Le premier slogan n’était pas inclusif, il ne semblait être que l’affaire de celle qui le disait. En changeant le ‘je’ en ‘vous’, et donc en intégrant les spectatrices dans l’histoire racontée, l’influence est tout autre. Celle qui le dit à l’écran, invite celles qui la regardent à la rejoindre et l’imiter. L’ajout du ‘nous’ quelques années plus tard viendra se focaliser sur l’appartenance à une communauté, un groupe de femmes qui ont toutes choisi d’utiliser les mêmes produits. C’est un storytelling bien travaillé, évolutif et qui s’est s’adapter à son époque. Il n’est en aucun cas le fruit du hasard. C’est le but de la psychologie et de la neuroscience, appliqués au marketing.

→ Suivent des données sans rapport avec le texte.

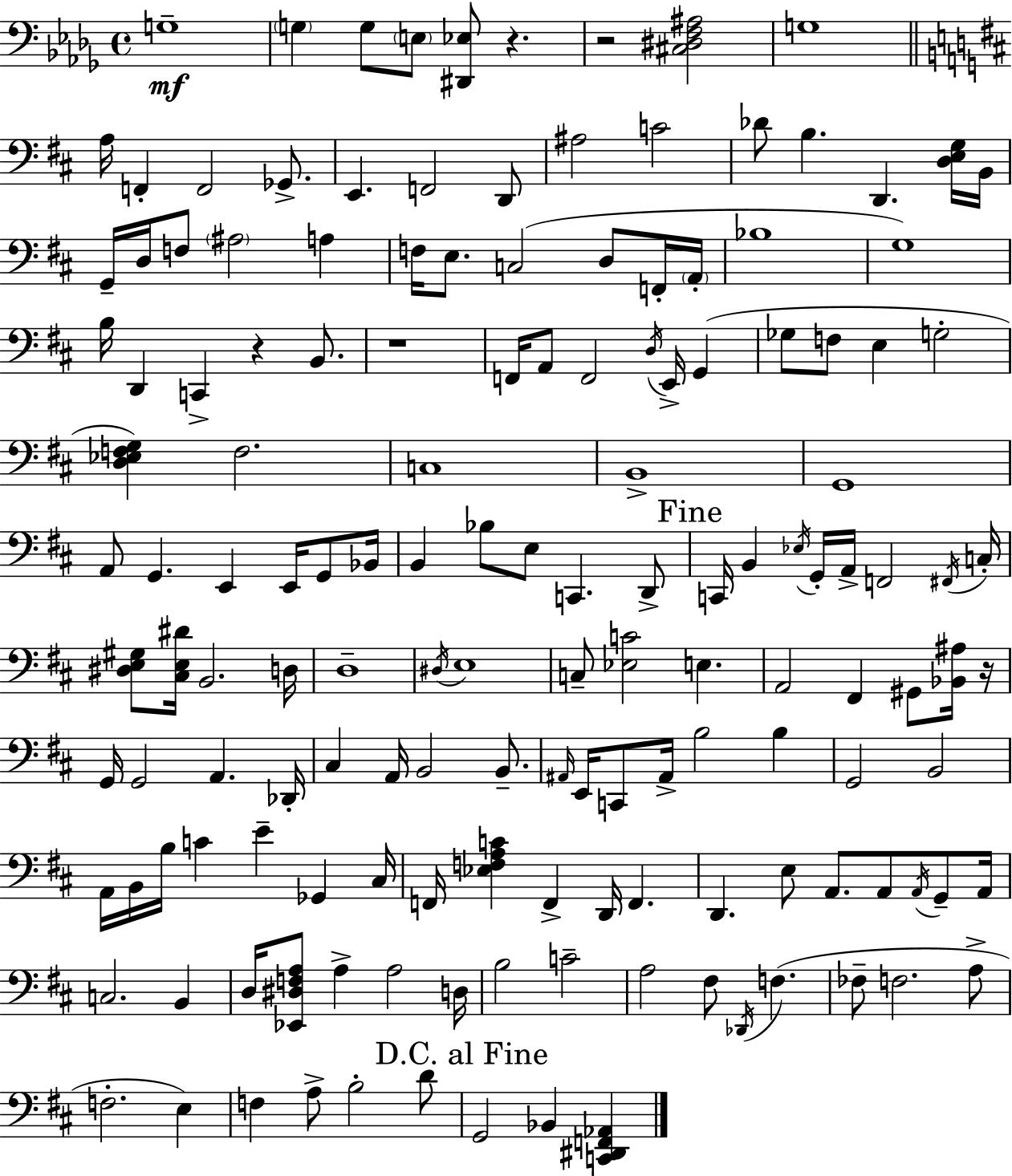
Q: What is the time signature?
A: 4/4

Quelle est alors la frontière entre l’influence et la manipulation malhonnête ?

Tout un chacun doit se poser la question et se faire sa propre idée sur le sujet. Toutes manipulations n’est pas forcément perverse et peut donc être positive. De même pour l’influence. En tout cas, L’Art du Storytelling est aussi dans certains cas L’Art de la Persuasion ou bien L’Art de Vendre. Pour gagner certains contrats publicitaires, j’ai moi aussi eu recours à du storytelling pour vendre mes idées et persuader mes clients.  J’ai, moi aussi, utilisé dans mon travail commercial, certaines de ces techniques pour aider mes clients à vendre un produit ou un service. Cependant, et malgré les budgets intéressants, je ne me suis jamais trouvé à ma place. J’aidais à vendre des produits et des services auxquels je ne croyais pas moi-même. C’est d’ailleurs pour cela que j’ai travaillé avec énormément d’entrepreneurs, très souvent pour une fraction du prix que ces vidéos auraient dû couter, mais au moins, j’avais le sentiment d’aider une entreprise qui en avait vraiment besoin et qui était animée par l’envie d’un réel changement chez sa clientèle cible.

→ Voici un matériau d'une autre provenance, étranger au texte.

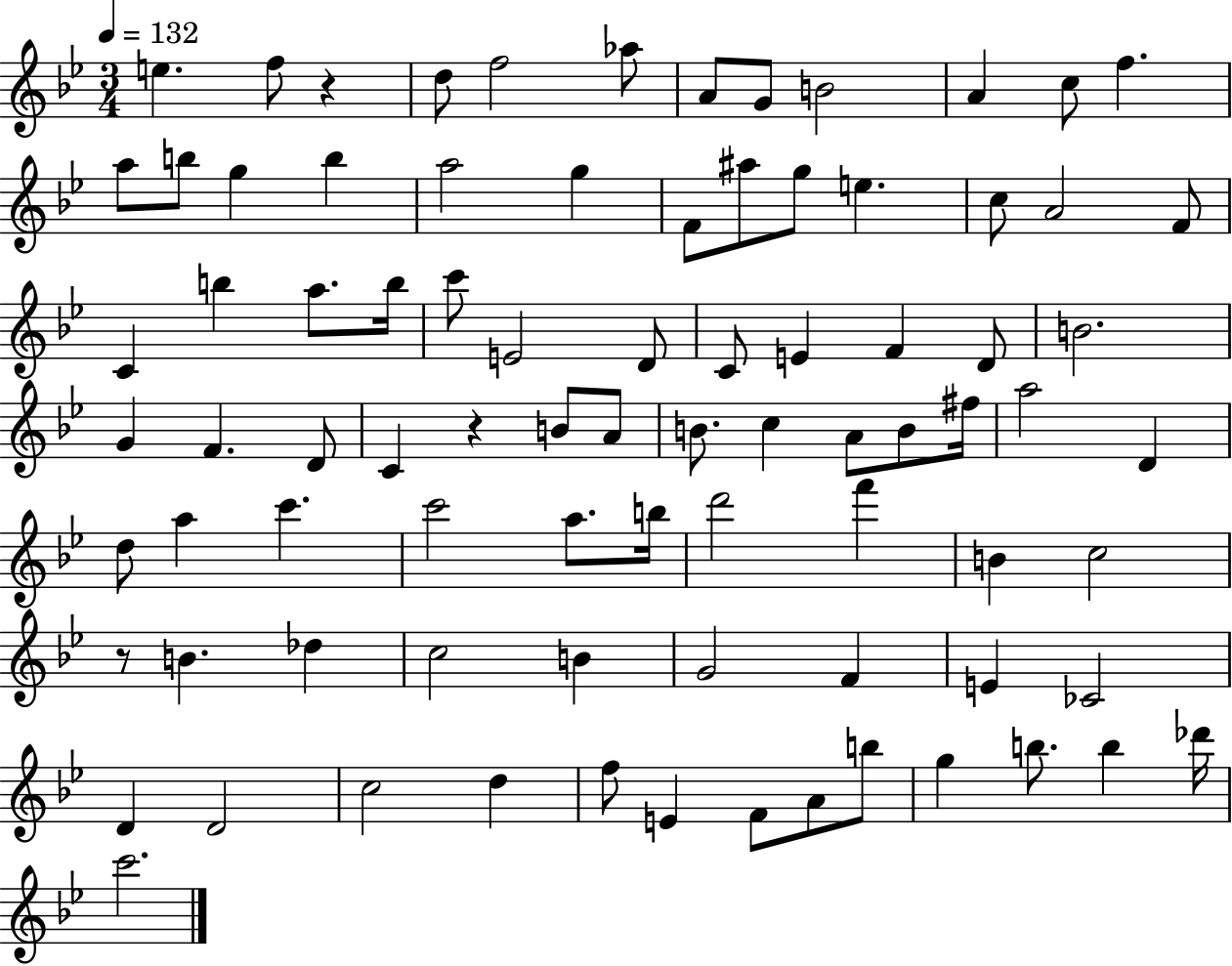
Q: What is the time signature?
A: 3/4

Le storytelling peut être une arme de destruction massive ou une arme d’élévation magnifique, tout dépend de l’utilisation que l’on en fait. Si nous revenons à ce que je disais plus haut sur les hormones, que cela signifie lorsqu’on le rapporte à une histoire ? Si votre histoire montre un personnage réellement émotif, le public sera capable de faire l’expérience de cette émotion. Tout le monde n’est pas affecté de la même manière, mais plus vous êtes transporté dans l’histoire, plus vous êtes connecté au personnage et plus vous avez de chances de vivre les mêmes états émotionnels que ceux que vous voyez à l’écran. C’est fort, n’est-ce pas ?

 

« Les histoires procurent des émotions. Les émotions amènent à des actions. »

 

« L’histoire nous permet d’embarquer notre public dans un voyage – un voyage qui les engloutit et les laisse complètement changés. Ce voyage permet de refléter sur ses propres croyances, ses pensées » explique Patrick Moreau pour terminer.

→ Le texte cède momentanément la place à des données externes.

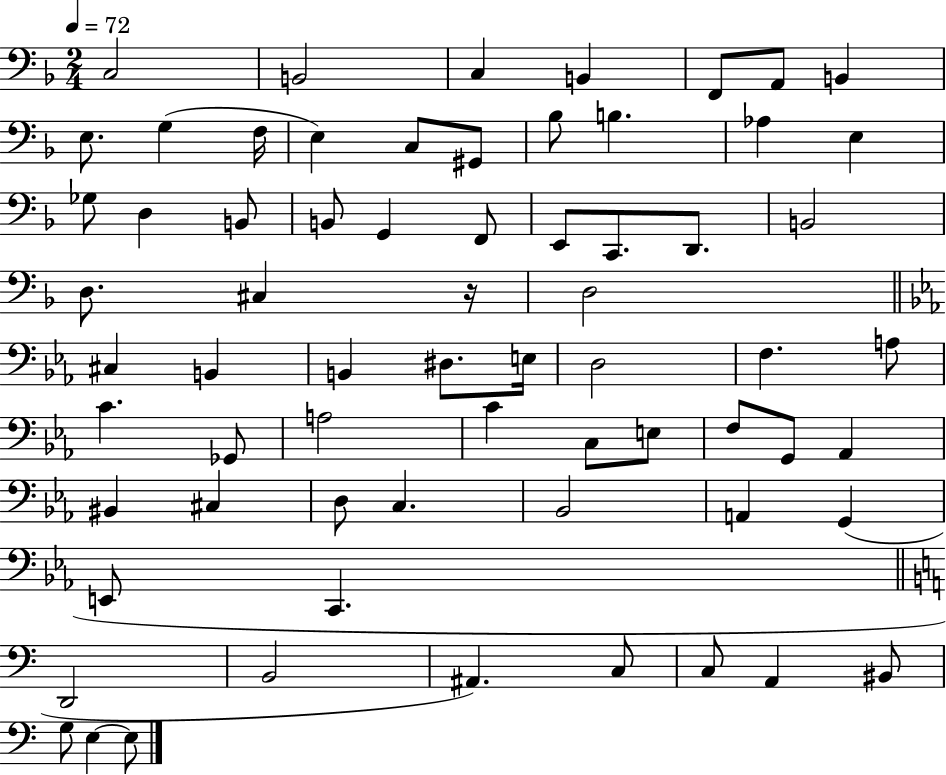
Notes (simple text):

Sources et inspirations pour cet article:

– David JP Philips, The Magical Science of Storytelling (https://bit.ly/2t7NEbz)
 Cet autre qui m’obsède, de Jean-Michel Oughourlian.
– Chimamanda Adichie TED’ speech (https://bit.ly/1l2iMmm)
– ‘The Story of Story’, by Patrick Moreau (https://bit.ly/2IwZAki)
– Leo Widrich (http://bit.ly/19eZqX7)
– Joseph Campbell (The Hero with a Thousand Faces)
– Andrew Stanton – 2 + 2 instead of 4 (https://bit.ly/1gWKTim)
– Muse Storytelling (https://bit.ly/2SUVC9S)
– Annie Neimand, Ph.D. (https://bit.ly/2m22ylU)
L’Oréal, parce qu’elles le valent bien, L’Express (https://bit.ly/38ow7kT)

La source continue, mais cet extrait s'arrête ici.